Unit 1: About SDDP

The Structured Democratic Dialogue Process – SDDP (originally developed by Dr. Alexander Christakis and Prof. John Warfield) is a deeply reasoned, scientific methodology for large-scale, collaborative design, which is effective in:

  • Providing solutions to multiple conflicts and problems that are more and more complex in a reasonably limited amount of time;
  • assembling the collective wisdom of various stakeholders who experience a challenge;
  • assisting heterogeneous groups with conflicting opinions and interests in collectively developing a common framework of thinking based on consensus building and thus achieving results.

(Council of Europe, n.d)

Watch this video to get some background information regarding structured democratic dialogue process.

The added value of SDDP

1.Strategic character of the dialogue;

2.Promotion of a place-based and bottom-up approach;

3.Long-term outcomes rather than immediate and temporary outputs;

4.Networking and capacity building;

5.Legitimacy of the actors and their work;

6.Stakeholders engagement and the sense of collective ownership;

7.Creation of a core team (KMT) to sustain the continuity of the process;

8.Development of mutual trust between participants;

9.Participation on equal basis and respecting the autonomy of all participants;

10.Facilitation of mutual understanding and consensus building.
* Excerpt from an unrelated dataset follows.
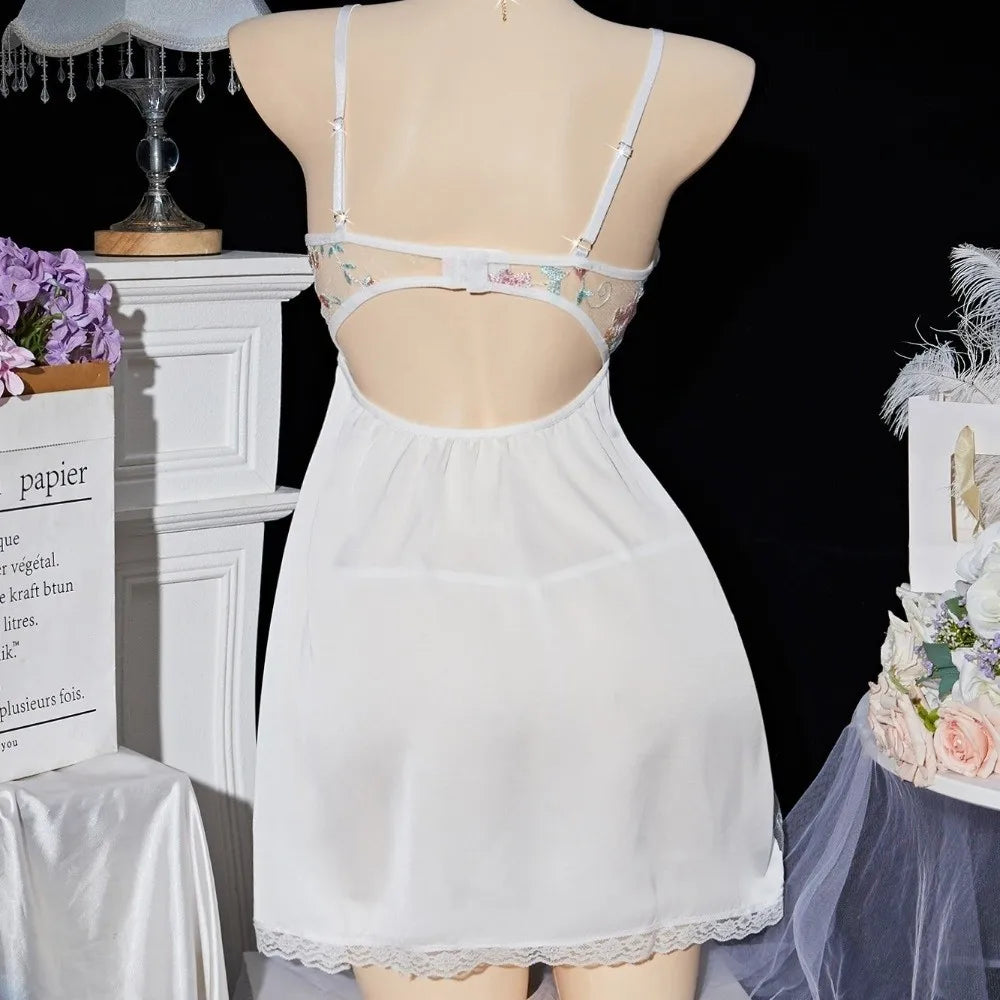Nuisette Dentelle Nœud Mesh Transparent Soie Glacée Femme Robe de Nuit Brodée Sans Manches S-XL – CLEVI Paris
Brief explanation of the process

  • For this methodology, a core group of people, known as the ‘Knowledge Management Team’ (KMT), is composed by the main stakeholders and the SDDP experts and coordinates the process. The KMT formulates a triggering question and invites the participants to answer it at a round-table session.
  • The participants’ answers need to be categorized using a bottom-up approach and recorded using the specialized software. Then, the answers are printed and posted/projected on the wall. The participants vote for the five most important to them ideas. The ideas that receive votes go to the next phase of the process.
  • Next step is the recording in the special software of the influences of one idea on another and finally, the production of the ‘influence tree’ that is subject to discussion to the participants.